We are experiencing a general site outage.
Incident Report for Pantheon Operations
Postmortem

At approximately 1 PM PST yesterday ( Sept 5th ) the platform suffered an outage that impacted a number of sites. We detected the issue within 3 minutes, and the total degradation was resolved within 30 minutes. Many sites continued to serve content via our Global CDN caching layer during the outage. The main cause was a deployment to our edge layer that purged one of our main (route) caches too aggressively. As part of improving our platform we deploy code multiple times a day with many layers of testing and protections to avoid such outages.
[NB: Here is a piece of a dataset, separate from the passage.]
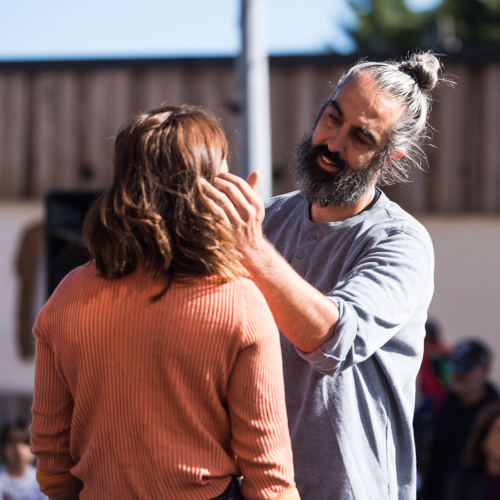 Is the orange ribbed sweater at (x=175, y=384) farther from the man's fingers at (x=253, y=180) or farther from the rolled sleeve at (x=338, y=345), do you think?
the man's fingers at (x=253, y=180)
We rarely modify our edge layer. We performed a post mortem of yesterday's incident and have added multiple layers of protection to prevent this from happening again. Such changes in the future will invalidate the caching more slowly, and will provision extra capacity in order for the cache to warm up faster.
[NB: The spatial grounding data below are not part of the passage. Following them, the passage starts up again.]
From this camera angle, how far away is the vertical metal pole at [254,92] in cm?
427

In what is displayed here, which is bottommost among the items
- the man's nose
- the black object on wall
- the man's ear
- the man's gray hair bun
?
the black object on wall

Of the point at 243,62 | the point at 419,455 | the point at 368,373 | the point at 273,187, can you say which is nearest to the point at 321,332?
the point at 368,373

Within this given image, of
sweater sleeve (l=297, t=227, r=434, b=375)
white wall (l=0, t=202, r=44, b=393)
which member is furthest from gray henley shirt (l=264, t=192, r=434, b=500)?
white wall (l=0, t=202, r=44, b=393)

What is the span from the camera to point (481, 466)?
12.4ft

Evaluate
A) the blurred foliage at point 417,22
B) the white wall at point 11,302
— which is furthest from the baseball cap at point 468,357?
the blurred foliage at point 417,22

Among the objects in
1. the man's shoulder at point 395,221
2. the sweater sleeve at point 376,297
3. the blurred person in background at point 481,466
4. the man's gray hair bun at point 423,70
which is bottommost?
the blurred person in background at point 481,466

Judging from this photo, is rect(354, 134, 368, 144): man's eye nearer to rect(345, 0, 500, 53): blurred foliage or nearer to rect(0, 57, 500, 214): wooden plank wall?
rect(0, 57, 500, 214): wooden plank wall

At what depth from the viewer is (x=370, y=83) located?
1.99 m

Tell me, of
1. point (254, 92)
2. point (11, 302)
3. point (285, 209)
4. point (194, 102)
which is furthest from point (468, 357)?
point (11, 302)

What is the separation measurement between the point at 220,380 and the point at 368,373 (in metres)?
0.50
Posted Sep 06, 2018 - 16:33 PDT

Resolved
Our apologies for this interruption in service. The reason for this outage has been identified and is well understood. Our team will be meeting tomorrow to identify process improvements to prevent similar incidents in the future. The result of that effort will be posted here by the end of the day.
Posted Sep 05, 2018 - 14:10 PDT
Monitoring
A fix has been implemented and we are monitoring the results.
Posted Sep 05, 2018 - 13:32 PDT
Identified
The issue has been identified and a fix is being implemented.
Posted Sep 05, 2018 - 13:23 PDT
Investigating
We are currently investigating this issue.
Posted Sep 05, 2018 - 13:13 PDT
This incident affected: Customer Sites.